The underlying multicast output provides simultaneous packet distribution to all subscribing components in real time. This is much faster than a point to point message broker which must duplicate messages being sent.
The fundamental pattern is then able to offer high availability of service components running in a variety of configurations such as hot-hot, hot-warm and hot–cold. Multiple publishers and multiple subscribers are supported, with fully recoverable state, distributed between multiple components.
Our Goals of Ordered Multicast
We wanted our implementation to use both hardware and software acceleration techniques wherever possible to avoid compromising our ultra-low latency Matching Engine.
Our design needed to offer a persistent, sequenced, recoverable multicast message distribution. The result gives a “real time” distributed state messaging model.
What is real time to us?
We needed to define it as it certainly differs depending on who you speak to! Our internal definition of real-time is event distribution with a median latency of below 5 microseconds between two applications layers on the BUS, lowering to 4 microseconds for a point to point solution and specialist network cards
The Components we Created
|SEQUENCER||Event receiver and sequencer with persistent SSD storage and asynchronous spooling of event files.
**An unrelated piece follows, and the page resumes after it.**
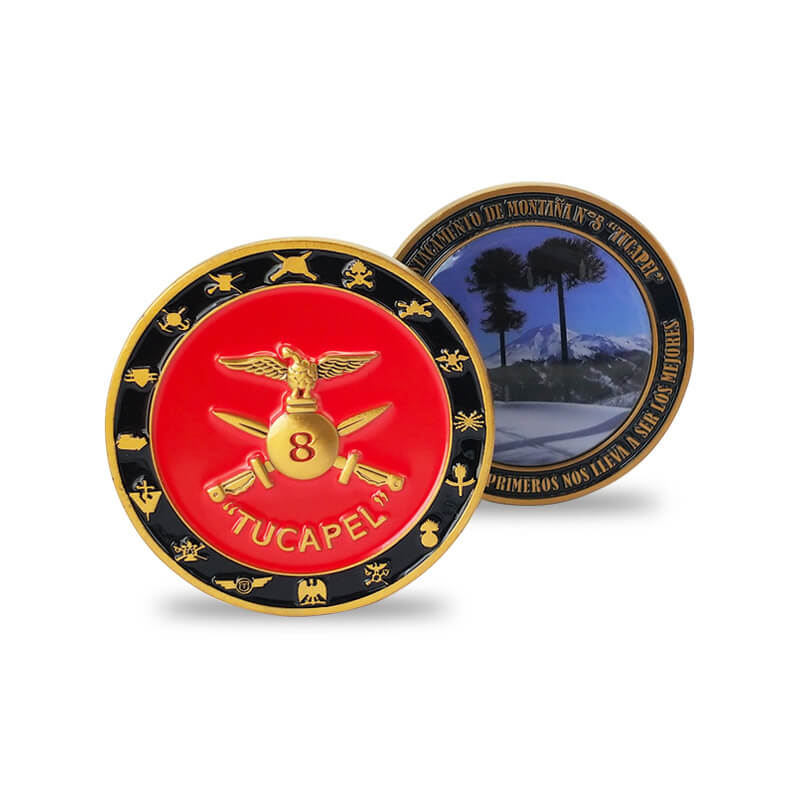 Chile Tentera Laut Tentera Challenge Coin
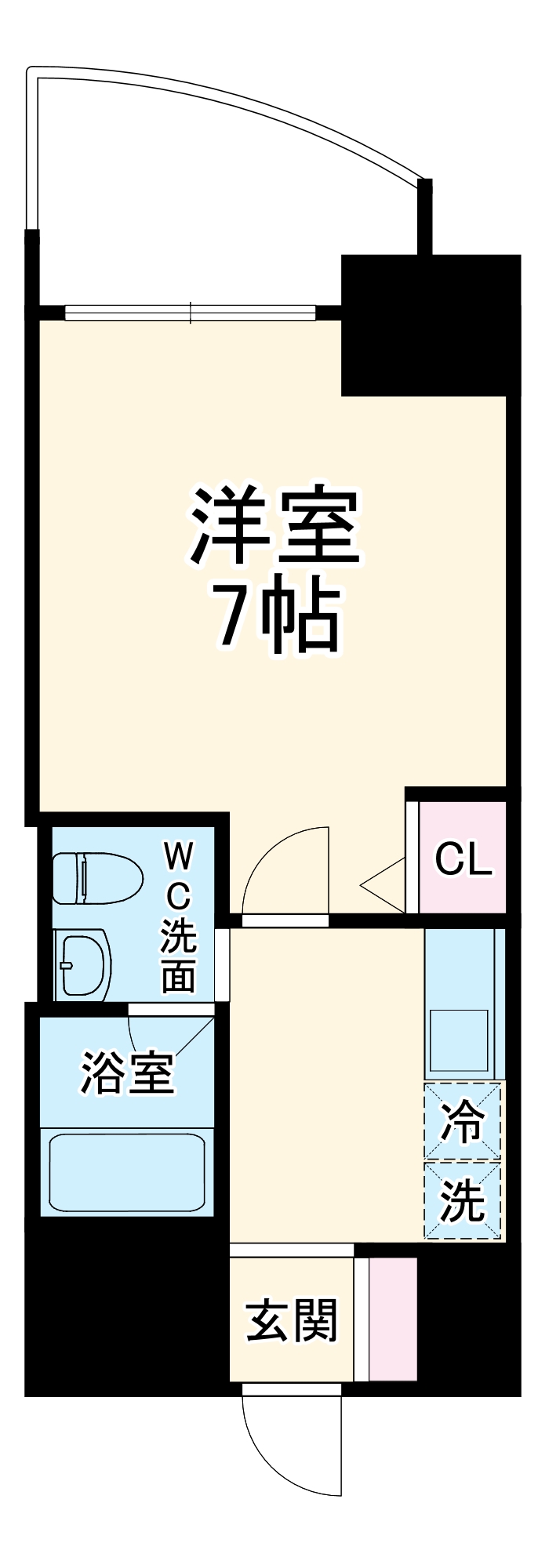 セレニテ梅田北の間取り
This was important given our need for backup and recovery whilst maintaining “constant” processing rates. 64bit event sequence numbering to give us the room to decide later if we would leave it running indefinitely or reset for any convenient time period depending on the business model. For a highly available deployment, one or more standby sequencers are required, for a business continuity deployment, a third sequencer is required in a physically separate location. All of this was to be built into the design.|
|APPLICATION INTERFACE||A simple, light-weight, decoupled publisher-subscriber service API with built-in state replication and recovery. Provided as a shared object or a DLL to support multiple language technologies. The API ensures the pattern is adhered to and therefore application developers are not responsible for writing these components themselves. Topic based filtering.|
The Persistence Story
The sequencer is responsible for persistence of the event stream. Critically no information is published on the multicast channel for subscribers until a copy has been persisted in memory for subsequent recovery if required. The multicast channel therefore acts as the golden source of the event stream, and only if an event has been published on this channel by the sequencer it is deemed to exist. The persistence is achieved through in memory and asynchronous SSD storage. With real time spool file rolling to avoid file size constraints.
The Recovery Story
Recovery and message gap filling are handled between the nodes and the sequencer. The application layer is aware of the initial recovery but not the subsequent gap fills. The sequencer and nodes have a recovery ability in excess of double the main publish channel (subject to the number of nodes recovering simultaneously). The node initiates the recovery process upon start up and gap filling occurs when a gap is detected in the multicast stream. New subscriptions are paused until recovery is complete. Recovery from the sequencer is achieved through the persisted state of the event stream.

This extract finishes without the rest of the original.